[CentOS-devel] Vagrant centos/7 v1811.01 breaks nfs at boot

Fri Jan 11 21:19:21 UTC 2019
John-Paul Robinson <jprorama at gmail.com>

Hi folks,

It seems that the latest vagrant box for centos/7 is breaking nfs mounts 
at boot.   My vagrant project has an nfs server and client node.  The 
client has two nfs mount in fstab. 
https://gitlab.rc.uab.edu/jpr/ohpc_vagrant

Using the image from the prior release (1804.02, kernel 
3.10.0-862.2.3.el7.x86_64, CentOS Linux release 7.5.1804 (Core) ) the 
mounts complete successfully.  The newest releases (1811.02 and 1809.01) 
fail to mount the drives at boot.

I believe the differences between the older VMs using XFS and volume 
manager vs direct device and ext4 in the newer images are changing the 
boot timings of services.  The messages.log shows that the network is 
unavailable at the point which the nfs mounts are tried on the failing 
nodes. The wait service doesn't appear to work right or wait long enough 
to allow the network to come up first.  It seems that the boot for the 
direct use of the sda1 and use of ext4 simply initializes too fast.

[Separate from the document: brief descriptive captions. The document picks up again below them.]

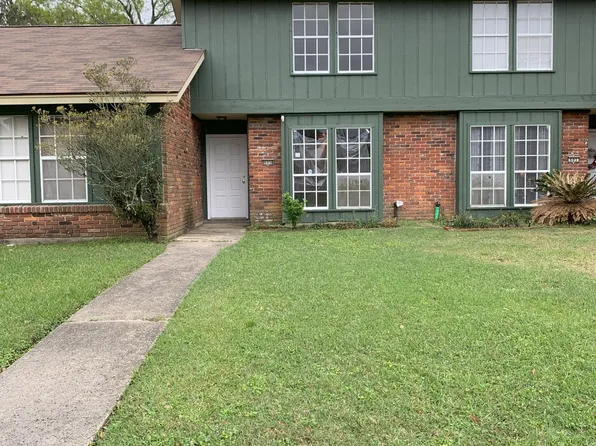 605 Rue Saint Martin, Hammond, LA 70403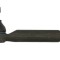 Cap de bara TOYOTA COROLLA Verso (ZER, ZZE12, R1) (2004 - 2009) METZGER 54036808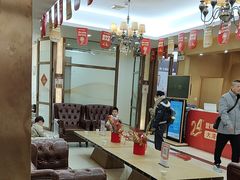 -佛山中大口腔医院·市二级口腔专科医院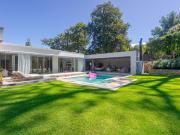 4 Bedroom House in Constantia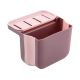 Organizator tip cos chiuveta bucatarie Organizator tip cos chiuveta bucatarie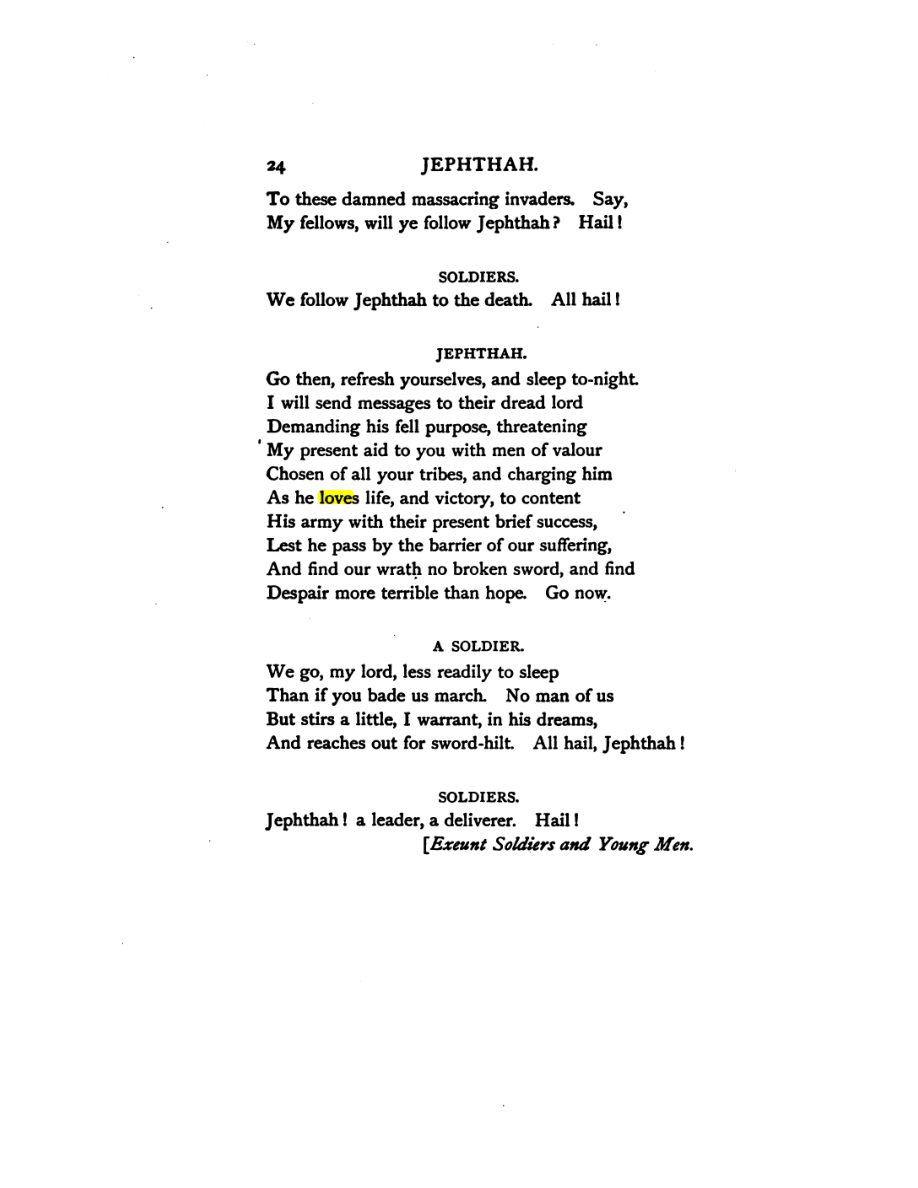 Original scan of Jephthah and Other Mysteries, PDF page 46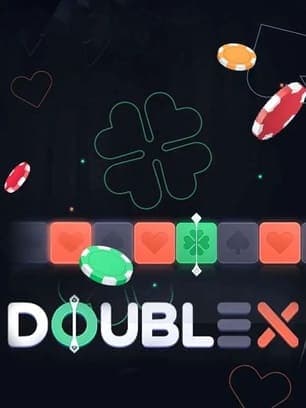 Double X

Here's the top of the systemd blame info for the box that succeeds in 
it's nfs mounts at boot (v1804.02).  Note that the boot times are 
dominated by the network manager wait service:

[vagrant at ood ~]$ systemd-analyze blame
           2.970s NetworkManager-wait-online.service
           1.511s tuned.service
           1.272s postfix.service
            594ms httpd24-httpd.service
            538ms lvm2-monitor.service
            474ms opt-ohpc-pub.mount
            471ms home.mount
            450ms auditd.service
            444ms dev-mapper-VolGroup00\x2dLogVol00.device
            380ms boot.mount
            343ms network.service
            216ms munge.service
            206ms NetworkManager.service
            177ms chronyd.service
            157ms polkit.service
            149ms sshd.service
            148ms systemd-logind.service
            134ms slurmd.service
            114ms gssproxy.service
            112ms lvm2-pvscan at 8:3.service
            112ms rpc-statd.service
            112ms systemd-udev-trigger.service
            111ms rsyslog.service
            110ms rhel-readonly.service
            105ms rhel-dmesg.service
             91ms systemd-vconsole-setup.service
             84ms systemd-tmpfiles-setup-dev.service
             74ms systemd-tmpfiles-clean.service
             72ms dev-mapper-VolGroup00\x2dLogVol01.swap
             66ms kmod-static-nodes.service
             65ms rhel-domainname.service
             65ms rpc-statd-notify.service
             ...


Here's the top of  systemd blame info for the box that is failing to 
mount nfs (v1811.02), network manager barely waits:

[vagrant at ood ~]$ systemd-analyze blame
           1.811s dev-sda1.device
           1.737s tuned.service
           1.594s postfix.service
            785ms httpd24-httpd.service
            378ms systemd-vconsole-setup.service
            295ms slurmd.service
            291ms network.service
            286ms home.mount
            266ms auditd.service
            253ms opt-ohpc-pub.mount
            250ms NetworkManager-wait-online.service
            208ms systemd-udev-trigger.service
            200ms polkit.service
            188ms systemd-tmpfiles-setup-dev.service
            180ms sshd.service
            177ms chronyd.service
            175ms rhel-readonly.service
            146ms rhel-dmesg.service
            145ms munge.service
            144ms gssproxy.service
            141ms rpcbind.service
            139ms swapfile.swap
            112ms rhel-domainname.service
            102ms systemd-udevd.service
            101ms systemd-journald.service
             91ms rpc-statd.service
             78ms rsyslog.service
             70ms var-lib-nfs-rpc_pipefs.mount
             69ms systemd-tmpfiles-setup.service
             61ms rpc-statd-notify.service
             58ms systemd-journal-flush.service
             58ms systemd-sysctl.service
             ...

I have the boot svd graphs that tell a similar story on the sequencing 
of service startup.

Is there a way to add delay to the network manager wait or otherwise 
influence the boot configuration to ensure the NFS drives mount 
correctly at boot?

Thanks,

John-Paul